Seorang pemuda terlihat muak karena harus berada di tempat ini. Kalau bukan karena urusan pekerjaan malas sekali rasanya, dia menginjakkan kaki di tempat maksiat seperti sekarang.
"Oke Pak T**o kita sepakat dengan kerjasama kita kan?" ucap seorang pria berusia tiga puluh lima tahunan. Feri namanya.
"Saya sepakat. Pokoknya masalah pembukaan perkebunan baru, beres. Anda tinggal tunggu kabar baik dari saya," ucap Pak T**o.
Keduanya bersalaman. Setelah itu, Pak T**o menghampiri beberapa wanita penghibur dan asik bermain dengan mereka. Huh, dasar bos-bos perut gendut doyan perempuan! Umpat Bagas dalam hati.

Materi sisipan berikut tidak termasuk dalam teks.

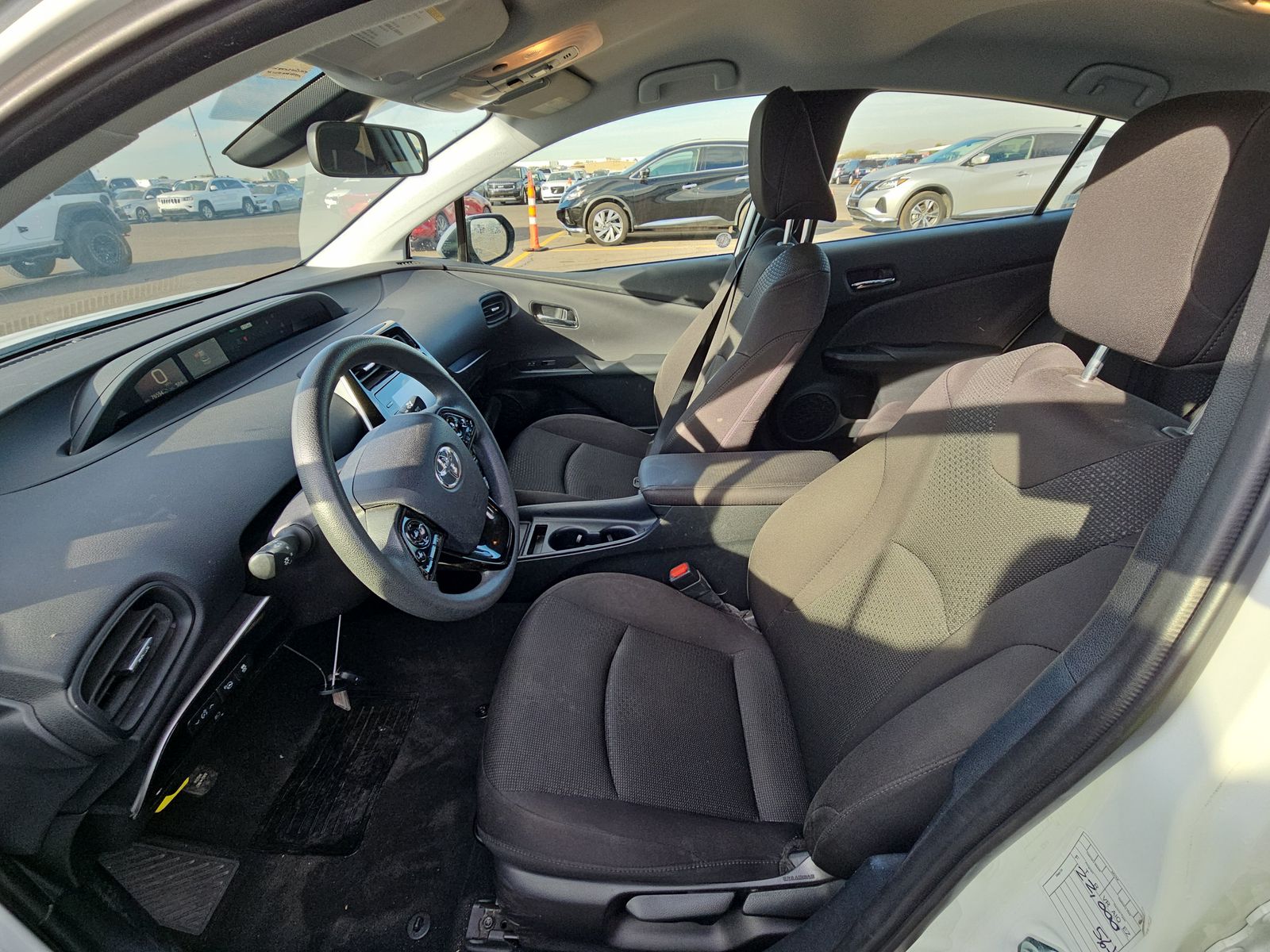 2021 Toyota Prius LE FWD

Feri heran dengan raut muka Bagas.
"Kamu kenapa Gas, kecut amat mukanya." Feri memecah kebisuan diantara mereka.
"Kenapa sih Bang, harus ketemuan di tempat kayak gini? Kenapa gak di cafe atau restoran aja?"
"Hahaha. Kamu ini ya, udah lima tahun kerja disini gak tahu aja kelakuan bos-bos besar. Ya kayak gitu itu. Pak T**o contohnya."
"Ckckck. Besok-besok Bang Feri jangan ajak aku. Ajak orang lain. Pokoknya aku gak mau ikut lagi."
"Ah, sok suci kau Gas. Kelamaan gaul sama para ASN sok suci jadi kamu ikut-ikutan sok suci."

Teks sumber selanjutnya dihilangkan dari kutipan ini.